BEGIN INPUT RECORDS
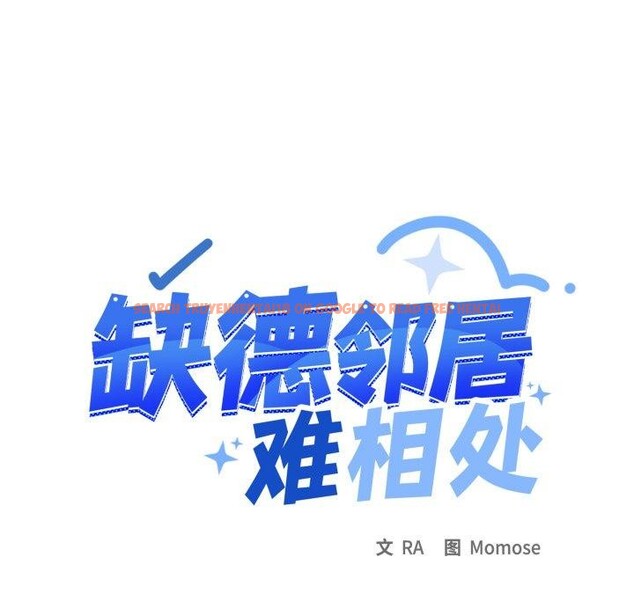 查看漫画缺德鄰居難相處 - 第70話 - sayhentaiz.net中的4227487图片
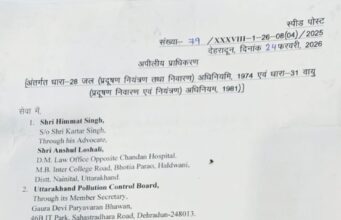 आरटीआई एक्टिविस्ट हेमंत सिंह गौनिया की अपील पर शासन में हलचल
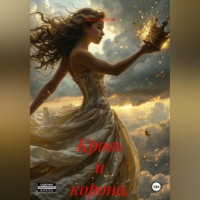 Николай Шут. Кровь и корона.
END INPUT RECORDS
BEGIN INPUT RECORDS
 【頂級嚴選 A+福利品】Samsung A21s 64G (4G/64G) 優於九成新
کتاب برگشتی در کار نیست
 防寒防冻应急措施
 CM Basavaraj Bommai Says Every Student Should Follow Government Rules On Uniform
END INPUT RECORDS
BEGIN INPUT RECORDS
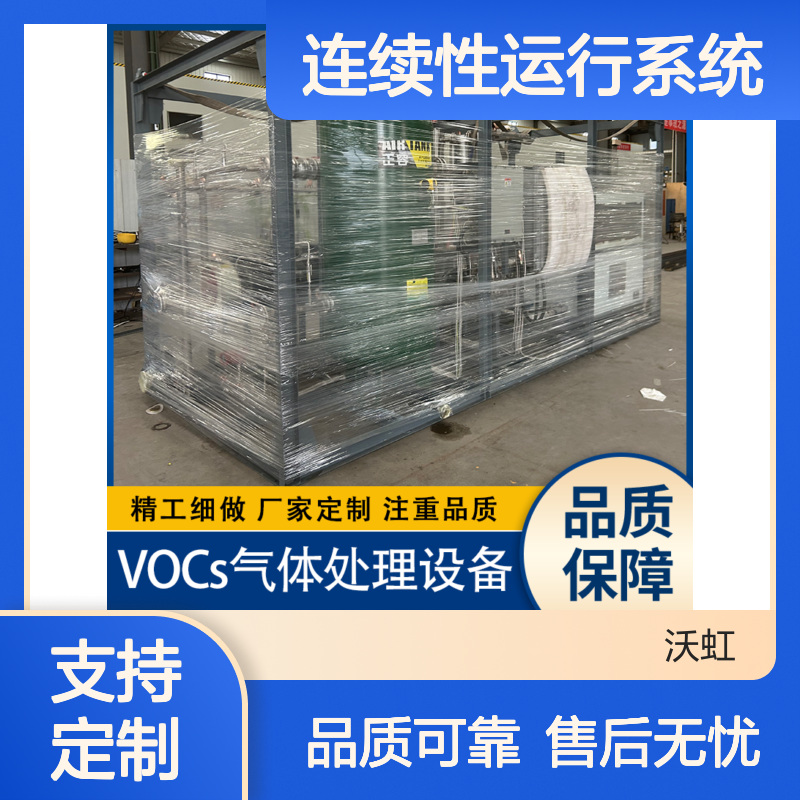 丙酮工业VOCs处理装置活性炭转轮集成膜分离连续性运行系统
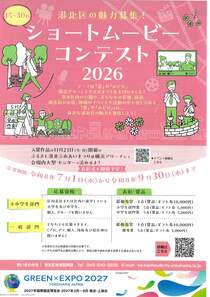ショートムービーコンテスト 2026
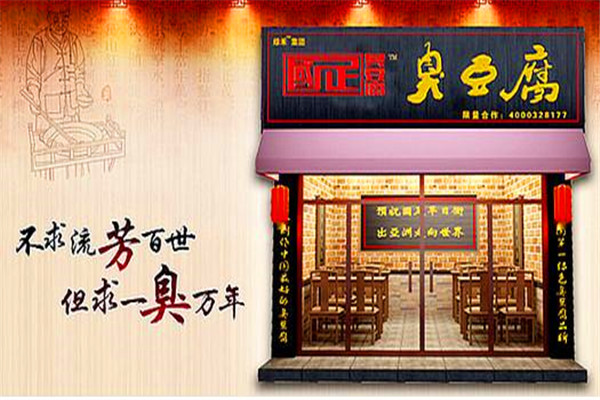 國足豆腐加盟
END INPUT RECORDS
→ **YOUR OBJECTIVE**
Reproduce the records above exactly, but only from the line with "查看漫画缺德鄰居難相處 - 第70話" up to and including the line with "Николай Шут. Кровь и корона.". Leave the pictures out.

→ **ANSWER TO THE EXERCISE**
 查看漫画缺德鄰居難相處 - 第70話 - sayhentaiz.net中的4227487图片
 आरटीआई एक्टिविस्ट हेमंत सिंह गौनिया की अपील पर शासन में हलचल
 Николай Шут. Кровь и корона.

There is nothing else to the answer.